● AIM OF THE EXERCISE
Taking the entries below, transcribe only the lines starting with the one with "You can also use" and going on through the one with "Hi classmates, thanks", exactly as written, without the pictures.

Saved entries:
--- START ---
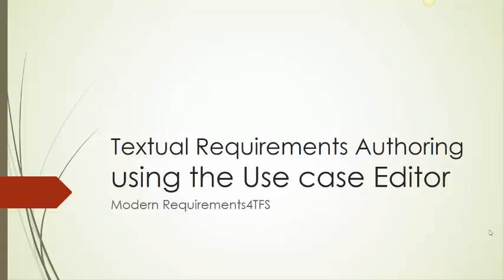Textual Requirements Authoring using the Use Case Editor. In this training module, we'll look at how to effectively use the Use Case Editor.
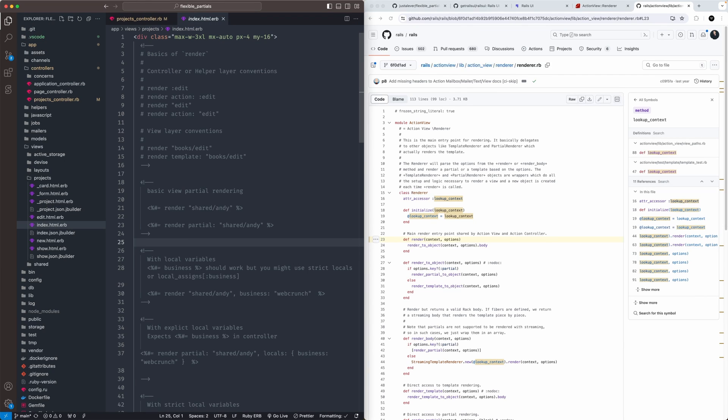If you're like me, you're a pretty big fan of using partials in Rails. Until you cover more than just the basics, do you realize the power that they hold?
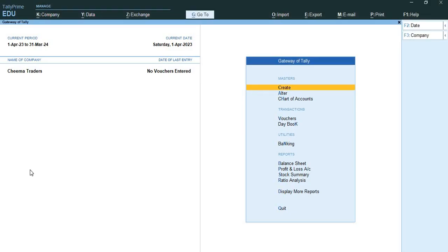Good morning. Today's topic of discussion is Banking Features in Teleprime. These banking features facilitate the maintenance of records and processes that are fundamental to effective recording of accounting transactions for timely payments in Teleprime. This feature enables business owners to perform a host of bank-related activities.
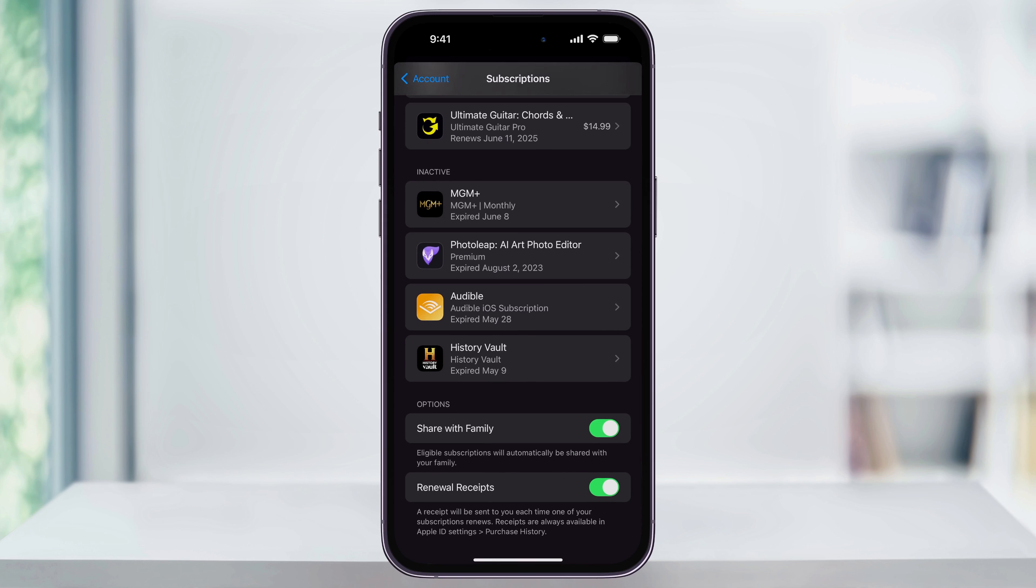You can also use Share with Family to share eligible apps with other family members, and you can get notices when your renewals are coming up.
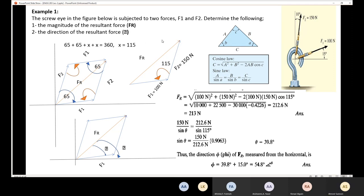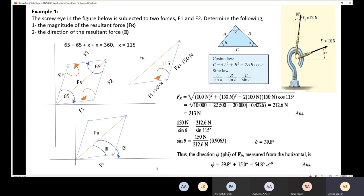For problems like this, cover the solution first and try to draw and construct the parallelogram yourself. Identify what is required — F_R and the angle φ — and learn how to construct the triangle and apply the cosine and sine laws. It is strongly recommended to solve this problem yourself and correct your mistakes.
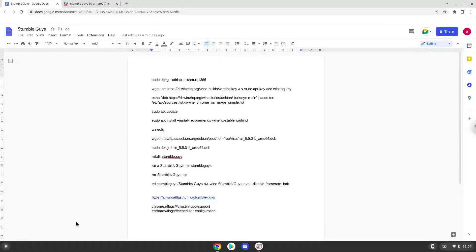Hello. Today we are looking at how to install Stumble Guys on a Chromebook. Firstly, we will enable two settings on our Chromebook to increase the performance of the game. To do this we will go to these pages and enable the settings. The links are in the video description.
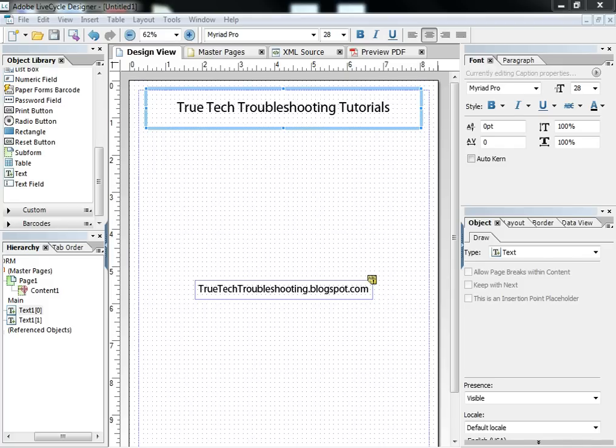Hi, and welcome to another TrueTech troubleshooting tutorial. Today we're going to be talking about text fields in Adobe LiveCycle.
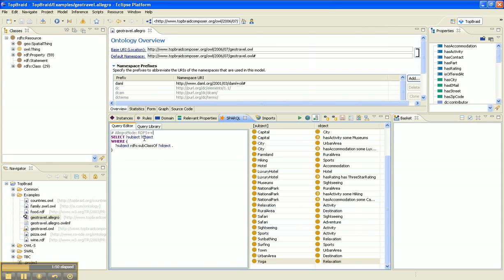Now you can also add inference by adding this comment, which tells AllegroGraph to use the RDFS++ entailment regime. There's an RDFS++ reasoner on the server.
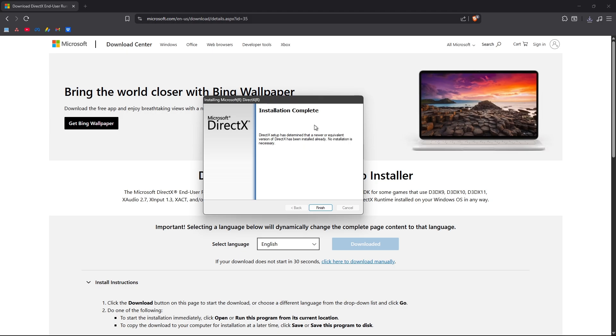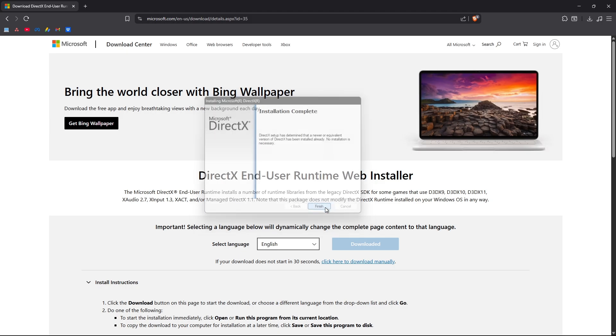Now it says here, as you can see, mine already got DirectX 12. That's why it says here the setup has determined that a newer or equivalent version of DirectX has been installed already. No installation is necessary. I'm just going to hit on finish.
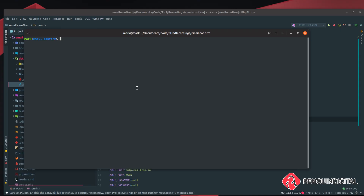In this video we're going to implement user email verification. When somebody registers an account they will get a link in an email which they must confirm. Since Laravel 5.8, they've made this very simple with built-in traits and interfaces for email verification.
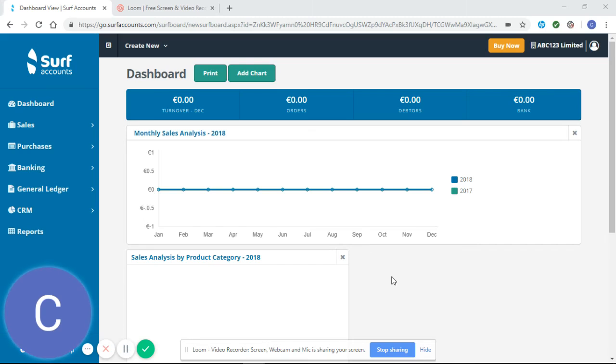Welcome to our SURF tutorial video. This video is going to look at how to enter individual purchase invoices correctly to SURF.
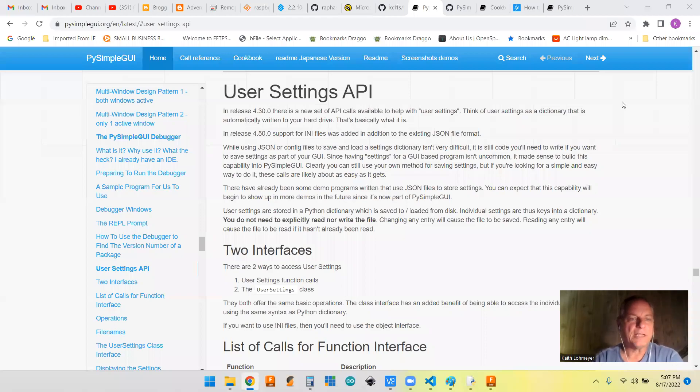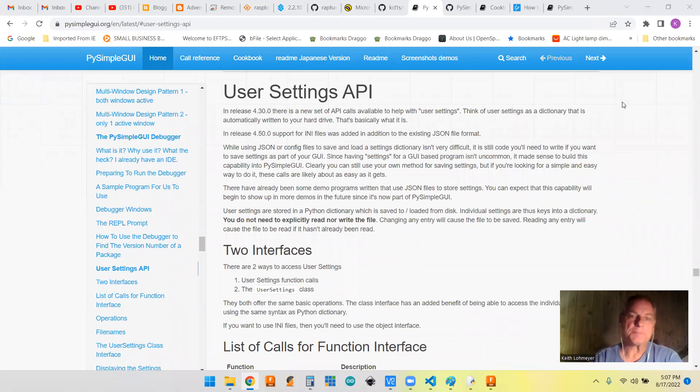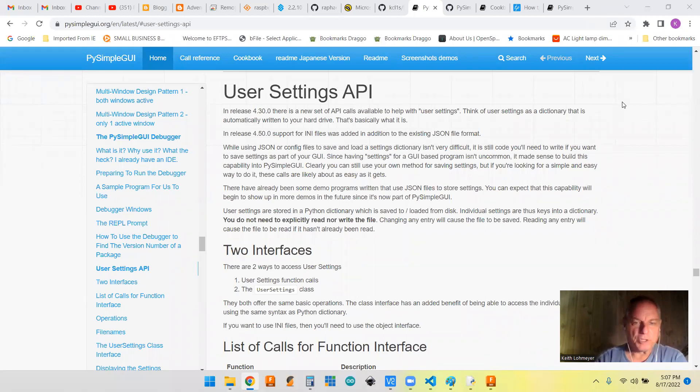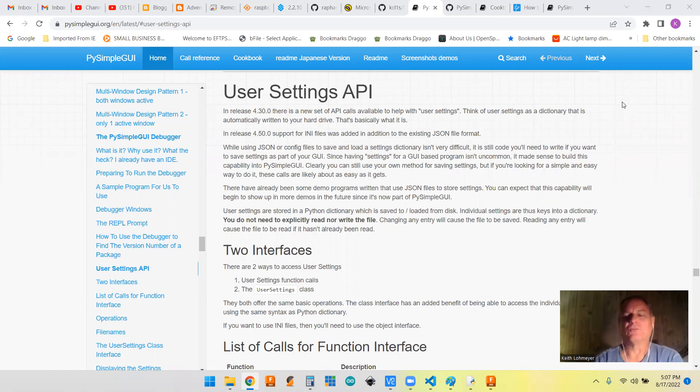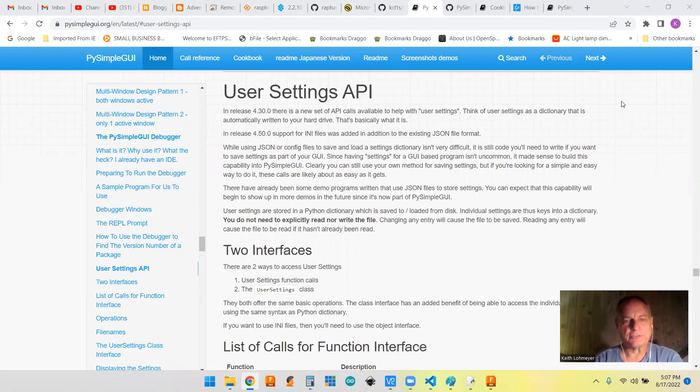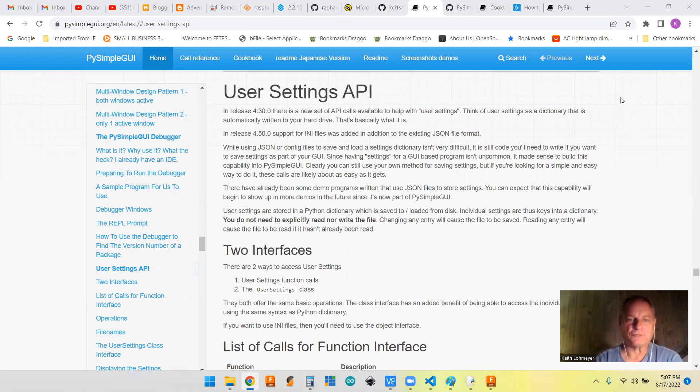This is a PySimpleGUI tips video. I generally make these videos for my future self, but if you stumbled across them, welcome to the channel and I hope you find something interesting.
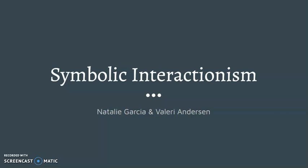Hi classmates, thanks for tuning in. Today we will be discussing some aspects of symbolic interactionism theory.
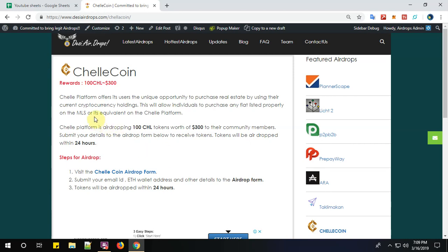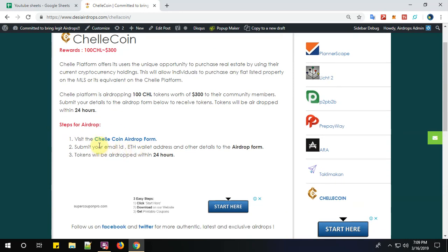About the project: ChelleCoin platform offers users the unique opportunity to purchase real estate using their current cryptocurrency holdings. This allows individuals to purchase any flat listed property on the MLS or its equivalent on the ChelleCoin platform.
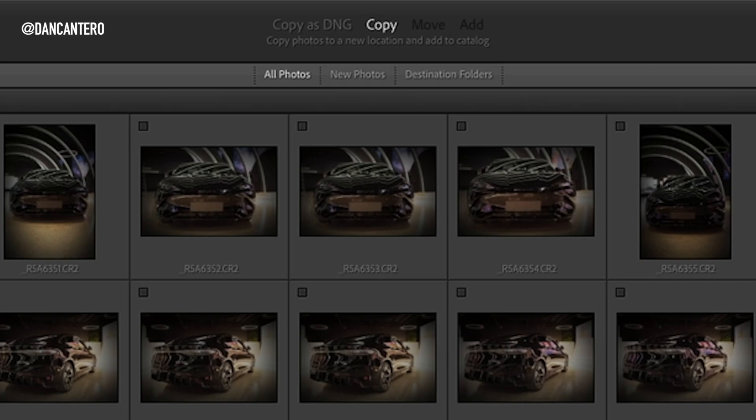Each option serves a different purpose. The first one is Copy as DNG. This converts your RAW files into Adobe's DNG, or digital negative, format. DNG files are often smaller and more compatible with Adobe software, but conversion takes extra time. Most photographers prefer to keep their original RAW format, so this option is a matter of preference.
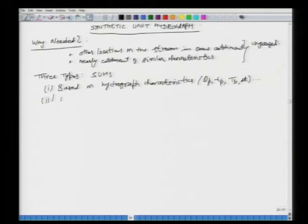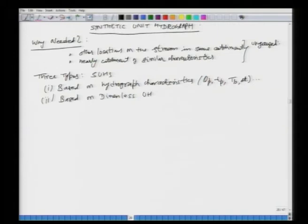The second category is based on the dimensionless unit hydrograph — for example, the SCS method developed in 1972. In the dimensionless UH, you develop fractions of time versus discharge as a fraction of peak discharge and time to peak, so it is in dimensionless units. For different catchments you estimate the peak discharge or time to peak and then calculate the ordinates in proper units. We will not go into details of this method.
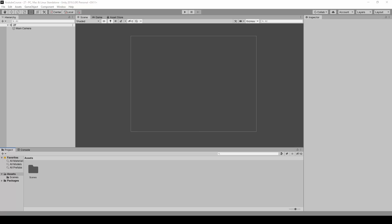Hello, today we are going to create functionality so that whenever we click with our mouse, some new object will be instantiated in that spot.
--- END ---
● RESULT OF THE TASK
You can also use Share with Family to share eligible apps with other family members, and you can get notices when your renewals are coming up.
For problems like this, cover the solution first and try to draw and construct the parallelogram yourself. Identify what is required — F_R and the angle φ — and learn how to construct the triangle and apply the cosine and sine laws. It is strongly recommended to solve this problem yourself and correct your mistakes.
Hello. Today we are looking at how to install Stumble Guys on a Chromebook. Firstly, we will enable two settings on our Chromebook to increase the performance of the game. To do this we will go to these pages and enable the settings. The links are in the video description.
Hi, and welcome to another TrueTech troubleshooting tutorial. Today we're going to be talking about text fields in Adobe LiveCycle.
Now you can also add inference by adding this comment, which tells AllegroGraph to use the RDFS++ entailment regime. There's an RDFS++ reasoner on the server.
Now it says here, as you can see, mine already got DirectX 12. That's why it says here the setup has determined that a newer or equivalent version of DirectX has been installed already. No installation is necessary. I'm just going to hit on finish.
In this video we're going to implement user email verification. When somebody registers an account they will get a link in an email which they must confirm. Since Laravel 5.8, they've made this very simple with built-in traits and interfaces for email verification.
Welcome to our SURF tutorial video. This video is going to look at how to enter individual purchase invoices correctly to SURF.
This is a PySimpleGUI tips video. I generally make these videos for my future self, but if you stumbled across them, welcome to the channel and I hope you find something interesting.
Hi classmates, thanks for tuning in. Today we will be discussing some aspects of symbolic interactionism theory.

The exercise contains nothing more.